Farmers are using their produce to extract essential oils and create beauty products to generate income and be independent 

A Palestinian woman cuts mint in her family land, in Beit Lahiya town in the northern Gaza Strip.
A Palestinian woman cuts mint in her family land, in Beit Lahiya town in the northern Gaza Strip. (REUTERS)

For years, Palestinian farmers have exported herbs to Europe where they have been turned into high-end cosmetics and beauty products.

Now a team of Gaza women have brought the process home, extracting the essential oils themselves and creating products such as shampoo and moisturiser, which are sold in 50 stores, including 30 pharmacies, across the enclave.

From a factory in Gaza City, the internationally funded project's four staffers, all women, use steam distillation to draw out the ingredients from plants including rosemary, basil, mint, thyme and chamomile.

"When you hold the product, you feel like you are taking something from the earth - with no additives," Refqa Al-Hamalawi told Reuters of the project, which sources herbs exclusively from farms run by women.

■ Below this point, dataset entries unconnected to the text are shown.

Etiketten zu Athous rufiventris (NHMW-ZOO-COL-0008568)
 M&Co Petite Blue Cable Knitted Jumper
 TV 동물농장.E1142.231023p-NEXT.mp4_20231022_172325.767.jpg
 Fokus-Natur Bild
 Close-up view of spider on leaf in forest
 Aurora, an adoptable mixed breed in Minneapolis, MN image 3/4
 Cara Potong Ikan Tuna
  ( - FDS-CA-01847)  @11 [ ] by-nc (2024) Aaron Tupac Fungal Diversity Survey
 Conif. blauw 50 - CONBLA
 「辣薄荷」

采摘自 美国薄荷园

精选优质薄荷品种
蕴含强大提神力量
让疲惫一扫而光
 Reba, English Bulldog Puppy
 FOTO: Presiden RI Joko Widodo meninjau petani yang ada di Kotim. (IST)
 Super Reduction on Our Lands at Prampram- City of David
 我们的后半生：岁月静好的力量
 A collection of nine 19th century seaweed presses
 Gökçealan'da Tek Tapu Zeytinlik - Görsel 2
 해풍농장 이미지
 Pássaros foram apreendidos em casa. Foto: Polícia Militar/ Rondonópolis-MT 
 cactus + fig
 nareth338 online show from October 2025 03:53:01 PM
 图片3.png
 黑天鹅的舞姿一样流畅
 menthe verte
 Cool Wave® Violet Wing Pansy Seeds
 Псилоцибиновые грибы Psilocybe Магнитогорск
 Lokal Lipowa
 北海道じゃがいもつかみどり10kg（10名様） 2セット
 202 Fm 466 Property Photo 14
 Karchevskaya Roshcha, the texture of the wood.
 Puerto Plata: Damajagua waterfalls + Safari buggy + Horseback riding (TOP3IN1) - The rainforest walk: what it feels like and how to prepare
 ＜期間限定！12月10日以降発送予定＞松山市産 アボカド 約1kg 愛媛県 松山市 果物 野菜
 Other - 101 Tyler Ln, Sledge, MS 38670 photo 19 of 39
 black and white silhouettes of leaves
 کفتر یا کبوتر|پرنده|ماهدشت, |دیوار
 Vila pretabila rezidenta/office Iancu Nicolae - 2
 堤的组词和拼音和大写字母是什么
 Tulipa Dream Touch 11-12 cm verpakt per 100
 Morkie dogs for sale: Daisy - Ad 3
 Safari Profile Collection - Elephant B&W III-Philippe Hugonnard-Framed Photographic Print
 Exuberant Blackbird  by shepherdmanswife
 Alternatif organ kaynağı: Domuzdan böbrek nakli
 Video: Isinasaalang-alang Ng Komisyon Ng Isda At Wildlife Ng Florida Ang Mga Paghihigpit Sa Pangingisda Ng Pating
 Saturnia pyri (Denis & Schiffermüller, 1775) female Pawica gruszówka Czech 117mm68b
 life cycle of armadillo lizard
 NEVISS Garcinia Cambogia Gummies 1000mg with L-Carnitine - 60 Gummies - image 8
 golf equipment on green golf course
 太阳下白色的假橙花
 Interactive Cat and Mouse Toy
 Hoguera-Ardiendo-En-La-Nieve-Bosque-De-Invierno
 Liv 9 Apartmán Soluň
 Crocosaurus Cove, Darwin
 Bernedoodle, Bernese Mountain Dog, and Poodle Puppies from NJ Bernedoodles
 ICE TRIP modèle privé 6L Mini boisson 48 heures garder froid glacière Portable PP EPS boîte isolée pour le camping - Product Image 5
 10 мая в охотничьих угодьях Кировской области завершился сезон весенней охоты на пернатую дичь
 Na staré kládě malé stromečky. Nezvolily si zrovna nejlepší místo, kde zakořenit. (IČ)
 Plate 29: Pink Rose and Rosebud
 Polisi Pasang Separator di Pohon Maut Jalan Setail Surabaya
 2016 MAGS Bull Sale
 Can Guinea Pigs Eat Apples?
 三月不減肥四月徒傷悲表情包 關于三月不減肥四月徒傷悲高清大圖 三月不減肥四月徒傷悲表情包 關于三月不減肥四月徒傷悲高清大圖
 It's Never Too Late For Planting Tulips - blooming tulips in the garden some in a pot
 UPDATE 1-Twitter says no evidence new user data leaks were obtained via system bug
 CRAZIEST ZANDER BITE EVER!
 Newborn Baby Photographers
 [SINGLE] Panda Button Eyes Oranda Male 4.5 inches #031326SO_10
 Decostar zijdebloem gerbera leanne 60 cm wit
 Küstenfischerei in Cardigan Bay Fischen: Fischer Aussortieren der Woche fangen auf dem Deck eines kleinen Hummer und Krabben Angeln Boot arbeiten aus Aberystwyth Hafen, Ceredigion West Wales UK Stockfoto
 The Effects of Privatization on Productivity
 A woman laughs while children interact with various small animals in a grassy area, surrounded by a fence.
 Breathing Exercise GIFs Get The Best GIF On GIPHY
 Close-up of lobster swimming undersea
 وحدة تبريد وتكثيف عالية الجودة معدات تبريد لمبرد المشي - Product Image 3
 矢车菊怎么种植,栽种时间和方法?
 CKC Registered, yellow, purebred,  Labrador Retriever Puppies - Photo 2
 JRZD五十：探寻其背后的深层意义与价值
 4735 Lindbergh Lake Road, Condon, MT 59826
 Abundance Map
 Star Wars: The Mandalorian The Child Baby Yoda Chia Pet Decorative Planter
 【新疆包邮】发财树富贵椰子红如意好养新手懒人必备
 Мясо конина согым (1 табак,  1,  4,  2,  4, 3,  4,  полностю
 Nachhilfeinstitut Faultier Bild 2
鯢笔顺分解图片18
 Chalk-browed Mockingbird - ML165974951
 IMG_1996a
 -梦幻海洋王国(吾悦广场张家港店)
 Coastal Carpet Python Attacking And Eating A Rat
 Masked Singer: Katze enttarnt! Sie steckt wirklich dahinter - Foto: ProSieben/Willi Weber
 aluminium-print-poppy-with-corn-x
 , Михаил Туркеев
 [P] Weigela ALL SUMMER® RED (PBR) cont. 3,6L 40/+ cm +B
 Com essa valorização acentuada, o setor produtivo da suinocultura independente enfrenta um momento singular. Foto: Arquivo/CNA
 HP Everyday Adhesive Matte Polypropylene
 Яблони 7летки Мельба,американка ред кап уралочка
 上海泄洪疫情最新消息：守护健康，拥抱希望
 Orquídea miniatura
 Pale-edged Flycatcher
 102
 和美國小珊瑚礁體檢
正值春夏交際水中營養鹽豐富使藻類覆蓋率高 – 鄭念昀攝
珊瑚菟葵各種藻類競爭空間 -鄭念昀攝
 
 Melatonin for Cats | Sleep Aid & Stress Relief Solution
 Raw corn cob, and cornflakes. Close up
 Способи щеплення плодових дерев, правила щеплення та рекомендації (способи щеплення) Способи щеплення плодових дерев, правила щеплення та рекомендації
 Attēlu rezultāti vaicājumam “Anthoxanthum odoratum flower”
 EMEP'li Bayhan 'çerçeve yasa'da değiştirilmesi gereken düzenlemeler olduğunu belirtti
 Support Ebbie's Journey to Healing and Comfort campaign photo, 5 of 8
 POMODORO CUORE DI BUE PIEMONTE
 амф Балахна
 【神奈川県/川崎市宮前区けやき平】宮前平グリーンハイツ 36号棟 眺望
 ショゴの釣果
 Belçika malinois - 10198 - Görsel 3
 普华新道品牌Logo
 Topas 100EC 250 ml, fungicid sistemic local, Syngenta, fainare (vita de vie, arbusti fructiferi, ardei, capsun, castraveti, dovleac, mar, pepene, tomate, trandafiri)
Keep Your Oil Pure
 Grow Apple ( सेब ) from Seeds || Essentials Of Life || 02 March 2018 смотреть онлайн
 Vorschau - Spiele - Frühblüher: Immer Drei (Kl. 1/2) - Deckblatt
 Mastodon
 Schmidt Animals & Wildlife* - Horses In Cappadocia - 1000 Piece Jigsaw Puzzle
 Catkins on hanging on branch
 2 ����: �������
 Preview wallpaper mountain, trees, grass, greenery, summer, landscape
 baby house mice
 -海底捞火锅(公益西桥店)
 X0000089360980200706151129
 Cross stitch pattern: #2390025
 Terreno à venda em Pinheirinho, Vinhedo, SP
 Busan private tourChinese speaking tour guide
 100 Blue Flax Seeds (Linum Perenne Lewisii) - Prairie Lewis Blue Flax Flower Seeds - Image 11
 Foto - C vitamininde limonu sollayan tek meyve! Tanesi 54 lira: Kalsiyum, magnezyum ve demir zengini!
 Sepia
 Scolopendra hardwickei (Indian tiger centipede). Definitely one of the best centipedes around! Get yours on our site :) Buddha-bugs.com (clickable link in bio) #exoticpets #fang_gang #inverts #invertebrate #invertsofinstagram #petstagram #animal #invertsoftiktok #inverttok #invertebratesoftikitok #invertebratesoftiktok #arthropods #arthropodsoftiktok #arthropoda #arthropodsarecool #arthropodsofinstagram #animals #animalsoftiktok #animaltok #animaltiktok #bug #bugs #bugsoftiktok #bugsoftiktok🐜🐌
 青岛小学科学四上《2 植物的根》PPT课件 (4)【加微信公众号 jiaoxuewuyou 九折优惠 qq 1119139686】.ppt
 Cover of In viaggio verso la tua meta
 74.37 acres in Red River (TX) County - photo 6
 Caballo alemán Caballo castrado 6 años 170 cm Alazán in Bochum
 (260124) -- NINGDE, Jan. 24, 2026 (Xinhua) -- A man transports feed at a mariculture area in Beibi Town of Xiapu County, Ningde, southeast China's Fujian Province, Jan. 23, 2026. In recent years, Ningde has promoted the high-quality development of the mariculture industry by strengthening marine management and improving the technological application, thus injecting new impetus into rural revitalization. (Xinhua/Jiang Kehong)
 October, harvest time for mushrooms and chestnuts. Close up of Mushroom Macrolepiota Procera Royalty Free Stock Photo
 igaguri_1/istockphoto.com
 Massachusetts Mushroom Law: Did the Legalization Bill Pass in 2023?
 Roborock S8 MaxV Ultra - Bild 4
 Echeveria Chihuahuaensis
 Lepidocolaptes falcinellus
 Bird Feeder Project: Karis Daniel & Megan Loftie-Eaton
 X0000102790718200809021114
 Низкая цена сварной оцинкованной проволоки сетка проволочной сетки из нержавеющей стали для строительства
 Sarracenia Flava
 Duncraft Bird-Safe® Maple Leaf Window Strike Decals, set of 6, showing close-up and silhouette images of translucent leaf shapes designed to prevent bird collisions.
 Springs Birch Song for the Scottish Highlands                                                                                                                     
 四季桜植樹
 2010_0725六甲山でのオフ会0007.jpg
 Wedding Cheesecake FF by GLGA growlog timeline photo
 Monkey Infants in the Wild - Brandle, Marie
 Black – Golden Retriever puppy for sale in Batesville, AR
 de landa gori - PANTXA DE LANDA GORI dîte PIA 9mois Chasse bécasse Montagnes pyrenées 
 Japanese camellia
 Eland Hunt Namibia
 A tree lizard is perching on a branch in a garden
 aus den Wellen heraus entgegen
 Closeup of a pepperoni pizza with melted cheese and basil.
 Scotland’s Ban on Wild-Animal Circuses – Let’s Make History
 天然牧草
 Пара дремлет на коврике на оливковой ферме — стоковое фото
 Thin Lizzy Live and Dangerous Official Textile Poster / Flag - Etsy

Their range already runs to 17 products, including cleansers and body wash, under the brand GG - standing for green gold, as the farmers of northern Gaza call mint.

"As women, we're proud of the idea and the production, an idea like in European countries," Hamalawi said.

The project, aimed at empowering women and boosting the economy, is supported by Australia and the global charity Oxfam.

While small scale so far, the women involved say it has already begun to have an impact in Gaza, where unemployment hovers around 50%. Female unemployment is even higher at 62%, according to the Palestinian Central Bureau of Statistics.

Dawlat Marouf said before the project, she struggled to make a living selling mint and thyme she farms in local markets.

Now, she "wakes up everyday at 5am to come to the field and prepare 40-50 kg ordered by the factory", the 55-year-old mother of 12 said.

Marouf's daughter-in-law, Ekhlas, said she did not know herbs had uses outside of cooking.

The project will "develop us, make a source of income for our children and our families", Ekhlas said.

Pharmacist Narmin Al-Banna stocks the products at her store. "I like these products because they are natural and have no chemicals in them. I tried them on many people, and many customers, and they gave me great feedback," she said.